An ugly American’s guide to Global Union
A little background to help you in advance of this weekend's world-music festival
Right or wrong, world music is generally perceived as the musical equivalent of Brussels sprouts. Yes, it’s good for us to explore other cultures and find out what the rest of the world enjoys while exercising or doing the dishes. But international iPod exploring can be a treacherous journey riddled with confusion, frustration, and, yes, boredom. A lot of this has to do with familiarity and how we as Americans are totally lacking in it when it comes to music that doesn’t originate here. Looking over the lineup for the Global Union festival, which takes place Saturday and Sunday at Humboldt Park in Bay View, you’ll be hard-pressed to find many (if any) familiar names: Saturday will include expansive Chicago gypsy punk band Mucca Pazza, Mexican punks Los de Abajo, and pan-European group Watcha Clan, and Sunday brings funky North Indian group Red Baraat, Mongolian rockers Hanggai, and Ethiopian traditionalist Minyeshu.
You might as well give up right now, huh? No! The A.V. Club is here to take your hand and guide you through this weekend’s globe-trotting slate of performers, telling you who’s who and putting it in terms even the ugliest American can understand.
Mucca Pazza (1 p.m. Saturday)
Who? This 30-piece gypsy punk band—whose name is Italian for “crazy cow”—plays everything from classical music compositions to classic TV theme songs.
American-friendly hook: Mucca Pazza hails from Chicago, an exotic wonderland located only 90 minutes south of Milwaukee. A self-described “astounding circus punk marching band,” MP melds world music influences with flights of strange, Zappa-inspired lunacy. But at heart, this is basically just a high energy, highly eccentric party band. Oh, and they also have cheerleaders. And, yeah, they’re kind of hot.
Los de Abajo (2:30 p.m. Saturday)
Founded 16 years ago in Mexico City, Los de Abajo is an explosive punk band known for political activism and its support of the revolutionary Zapatista Army of National Liberation.
American-friendly hook: The band’s outspoken support of Mexican social justice issues might be lost on Americans, but Los de Abajo’s stew of rock, reggae, ska, and salsa should translate in pretty much any culture that appreciates energetic live performances.
Watcha Clan (4 p.m. Saturday)
Who? A French group whose musical influences extend far beyond France’s borders, Watcha Clan is a band of wanderers, traveling throughout the world and soaking up different ethnic music styles from Europe, Africa, and the Middle East.
American-friendly hook: While there’s not much in Watcha Clan’s music that sounds at all American, the group’s melting-pot philosophy certainly reflects our country’s increasingly multicultural outlook. Watcha Clan also draws heavily from electronic music, so its songs are definitely danceable.
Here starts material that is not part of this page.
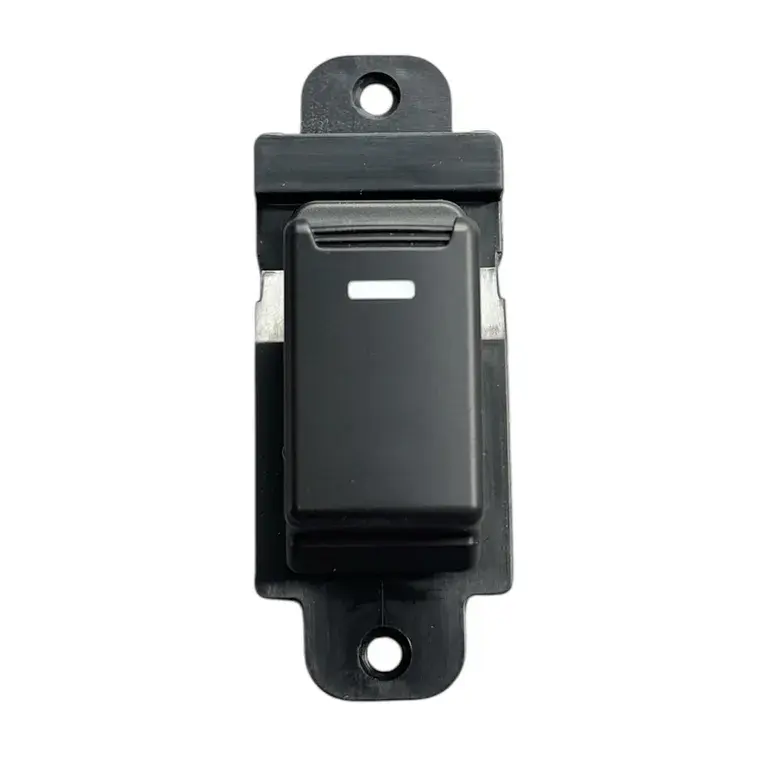 Kıa Düğme Cam Açma Sorento 10-14 Arka Sol/Sağ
Red Baraat (1 p.m. Sunday)
This funky big band with roots in North India and New York City claims to be the only dhol ’n’ brass group of its kind in the United States. For those who aren’t well-schooled in Indian instruments, a dhol is a barrel-shaped, double-sided drum that’s played while slung over the shoulder.
American-friendly hook: Equally capable of playing Bollywood standards, improvisational excursions, and insinuating originals, Red Baraat could be the most exotic wedding band you’ve ever heard.
Hanggai (2:30 p.m. Sunday)
Led by singer Ilchi, a former punk-rocker who once fronted the confrontational Chinese band T9, Hanggai is among the leaders of a folk-music revival in its country that’s trying to keep the music of Inner Mongolia vital.
American-friendly hook: There’s no denying Hanggai’s deep roots in Mongolian folk music, but it’s interesting how spare and strange songs like “My Banjo And I” from last year’s Introducing Hanggai don’t sound all that different from American underground freak-folkers like Devendra Banhart and early Animal Collective.